PROBLEM DETAILS: The result should be the listing below, restated exactly, with its pictures left out.

***

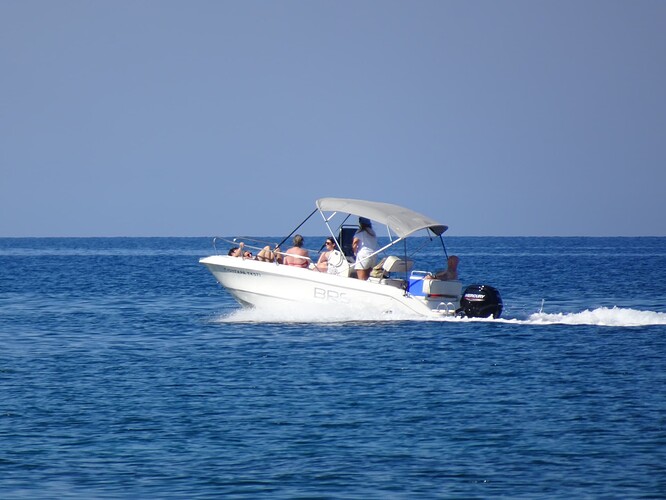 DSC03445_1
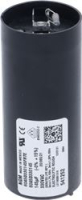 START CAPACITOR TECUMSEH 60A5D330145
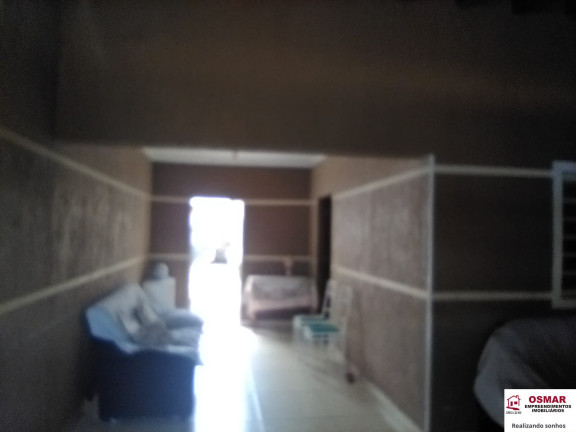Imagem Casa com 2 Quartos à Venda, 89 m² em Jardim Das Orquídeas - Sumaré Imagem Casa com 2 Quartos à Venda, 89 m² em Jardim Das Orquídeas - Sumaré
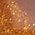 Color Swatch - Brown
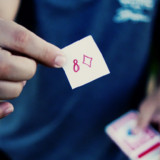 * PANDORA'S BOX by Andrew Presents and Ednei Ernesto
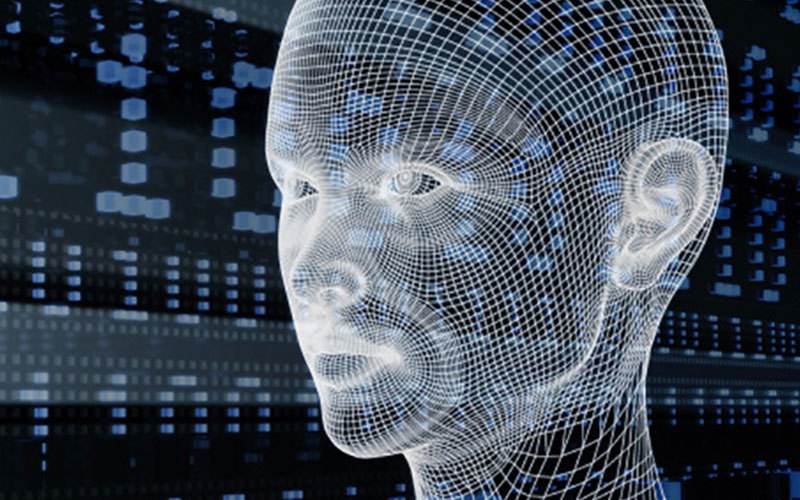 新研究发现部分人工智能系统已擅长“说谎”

***

COMPLETED EXERCISE:
 DSC03445_1
 START CAPACITOR TECUMSEH 60A5D330145
Imagem Casa com 2 Quartos à Venda, 89 m² em Jardim Das Orquídeas - Sumaré Imagem Casa com 2 Quartos à Venda, 89 m² em Jardim Das Orquídeas - Sumaré
 Color Swatch - Brown
 * PANDORA'S BOX by Andrew Presents and Ednei Ernesto
 新研究发现部分人工智能系统已擅长“说谎”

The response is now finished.